Monday 11 February 2008

Machado da Graca

O rebentar da caldeira

No momento em que escrevo Maputo acaba de sair de um pesadelo duplo: a selvajaria que ocupou as estradas e as vias de acesso ao centro da cidade e a total incompetência das forças policiais para enfrentarem os acontecimentos. Tudo isto me lembra uma caldeira, numa fábrica, a que um grupo de incapazes foi dando cada vez mais pressão sem ter nenhuma ideia de qual era a capacidade de aquela caldeira aguentar sem rebentar.
Para os aprendizes de governantes da nossa classe política se a caldeira não rebentou até agora, é possível continuar a aumentar a pressão porque ela não vai rebentar nunca. Erro crasso, como acabamos de verificar. E, é sabido, quando a caldeira rebenta, as vítimas não são apenas aqueles que, irresponsavelmente, estiveram a aumentar a pressão. As vítimas são todos os que estão perto e mesmo aqueles que só por acaso iam a passar por ali.
E creio que foi isso que aconteceu. Desde há muito que andamos a demolir os direitos dos trabalhadores, conquistados depois da independência.
Desde há muito que ninguém se preocupa com o crescente abismo entre os que nada têm e aqueles que esbanjam riqueza, de forma ostensiva, à frente de todos nós.
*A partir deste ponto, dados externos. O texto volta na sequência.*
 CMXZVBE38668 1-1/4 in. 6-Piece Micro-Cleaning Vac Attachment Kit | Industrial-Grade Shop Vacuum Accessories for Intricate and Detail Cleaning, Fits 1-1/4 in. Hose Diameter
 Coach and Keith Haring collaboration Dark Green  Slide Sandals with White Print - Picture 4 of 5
Desde há muito que o Governo não se preocupa, ao tomar medidas que pioram a situação da população, com a forma como essas medidas irão ser encaradas.
A tese tem sido de que o povo moçambicano é um povo pacífico e, portanto, pode-se fazer tudo contra ele que ele vai manter-se humilde e sossegado.
Mas, não há muito, o Dr. Lourenço do Rosário levantava a dúvida: Será que o povo moçambicano é um povo pacífico?
Hoje, a resposta a essa pergunta é, obviamente, não. Qualquer pessoa atenta ao que se passa no mundo tem assistido à subida dos preços dos combustíveis no mercado internacional. E, parece óbvio, deveria ter percebido que isso se iria reflectir entre nós, mais tarde ou mais cedo.
Mas as nossas autoridades não parecem ser pagas para prever situações. Preferem deixar as coisas explodirem para depois começarem a pensar em possíveis soluções.
Ninguém se preocupou em pensar qual seria o efeito desta subida no preço dos "chapas", tão pouco tempo depois da subida forte do preço do pão.
Como a maior parte desses dirigentes tem o pão, e a manteiga, pagos por todos nós e, no carro do Estado, nem sabem quem paga o combustível nem quanto é que ele custa, é-lhes muito difícil pensar que isso possa ser um problema para alguém. Para muitos alguéns.
Para muitos milhares de alguéns.
Além disso, se formos ver com atenção quem são os donos dos "chapas", vamos verificar que são os mesmos, ou amigos e camaradas, de quem se senta do outro lado da mesa, representando o Governo, nas negociações sobre os preços dos transportes. Negoceiam lá entre eles.
Mas as medidas de fundo que poderiam resolver os problemas vão ficando eternamente adiadas, para não ferir os interesses dos camaradas empresários.
Será que os comboios a partir da periferia continuam a funcionar, como foi prometido depois da última crise deste tipo?
Porque será que os Transportes Públicos de Maputo têm uma frota que é menos de um terço do que seria necessário para servir devidamente a população?
Isto para não irmos a questões mais de fundo. Por exemplo, no preço que o cidadão paga pelos
combustíveis, que percentagem é formada por taxas e impostos? Não se poderia baixar essas taxas e impostos para diminuir a subida dos preços?
Eram estas questões que gostaríamos de ver respondidas em vez da desculpa simplista de que,
subindo os preços internacionais, não temos nenhuma outra solução senão subir os preços internos.
Mas tudo isto implica tempo para pensar em soluções e estes nossos dirigentes pouco tempo têm
para isso, dado que a maior parte do dia é gasta a pensar no seu enriquecimento pessoal.
E, nesse tipo de pensamentos, a população pouco mais conta do que se fossem mão-de-obra gratuita, como há bem pouco tempo verificámos numa tristemente famosa empresa de exportação de flores.
Enquanto a mentalidade de grande parte dos que vão para o Governo for governarem-se em vez de ser governar, não nos admiremos com a repetição deste tipo de explosões populares, com todo o seu cortejo de vandalismo e oportunismo.
As coisas atingiram um ponto em que, dificilmente, poderão voltar completamente para trás.
E, é bom não esquecer, as forças policiais mostraram uma completa incapacidade para defender o "status quo".
E quem esteve na rua deve ter percebido bem essa fraqueza.